Borrowed, Learned, & Thought (or BL&T) is a weekly newsletter sent on Mondays. In every edition, I share a borrowed idea (quote, excerpt), a lesson learned from the previous week, and a thought starter heading into the new week. Learn more and subscribe here.
"The human body is the best picture of the human soul."
Every quarter, I join Peter, Sei-Wook, and Wes (the other Barrel partners) for an all-day planning meeting. We reflect on the past three months and define our focus for the next three months. The day always moves quickly and I leave feeling energized - even on Zoom! We met last week to prepare for Q4.
We consistently end these meetings with the same sentiment: "Well, we have a lot of work to do. Let's do it!" This time, there was one nuance - the work.
When looking back on previous meetings, we've found that we don't always see the big picture.
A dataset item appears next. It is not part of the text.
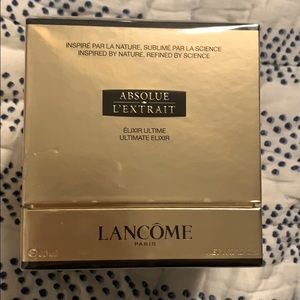 Lancôme Absolue L’Extrait (Ultimate Elixer)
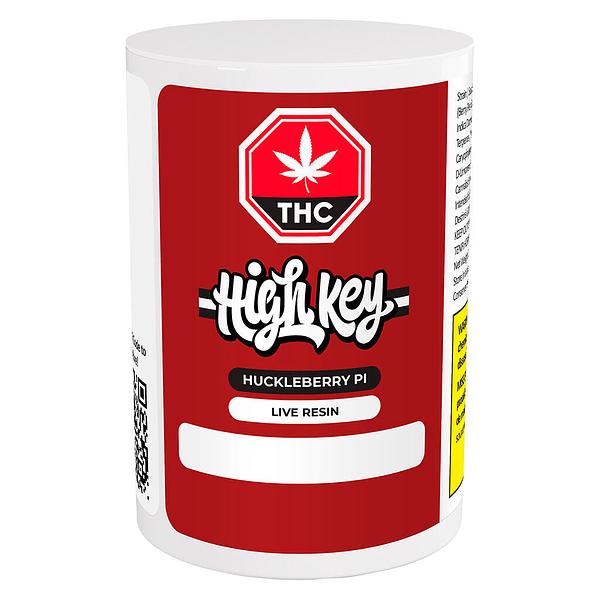 High Key - Huckleberry Pi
When it feels like there's a lot that isn't working, it's hard not to be reactive. In time, we've found that these types of issues are better tackled in collaboration with those closest to the day-to-day processes. We can't expect to make them vanish on our own and truthfully, many of them will always be a challenge.
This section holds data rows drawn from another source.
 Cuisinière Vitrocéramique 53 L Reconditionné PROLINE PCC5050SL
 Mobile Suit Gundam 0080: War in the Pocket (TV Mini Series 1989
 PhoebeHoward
In our meeting last week, we didn't get hung up on these "pressing" issues; we gave them their space and moved on. Our focus for Q4 is not a bunch of band-aids to fix what feels like it isn't working right now. Instead, we defined the opportunities that we believe will take the business into uncharted territory. That's exciting.
As we ended our meeting, I thought: "We've come a long way. Let's keep it going!"
Fun fact: We used to hold our quarterly meetings on the weekend. It seemed impossible for the four of us to be out for an entire day at the same time. Last week, we met on a Thursday. While it might seem small, it represents something much larger: growth. Five years from now, I can only imagine what I might write about this meeting. I can't wait to find out.
Lesson? If you paint a wall and watch it dry, it may be challenging to see the color change as the paint becomes less wet. You may grow impatient or even tempted to try a new color. If you paint a wall and step away for a few hours, your experience will change. When you return, you’ll be surprised to find that the color is much closer to what you expected. Not to mention - your mind is clear and you've had a break.
If I wrote myself a letter five years ago, what would it say? How would I reply today?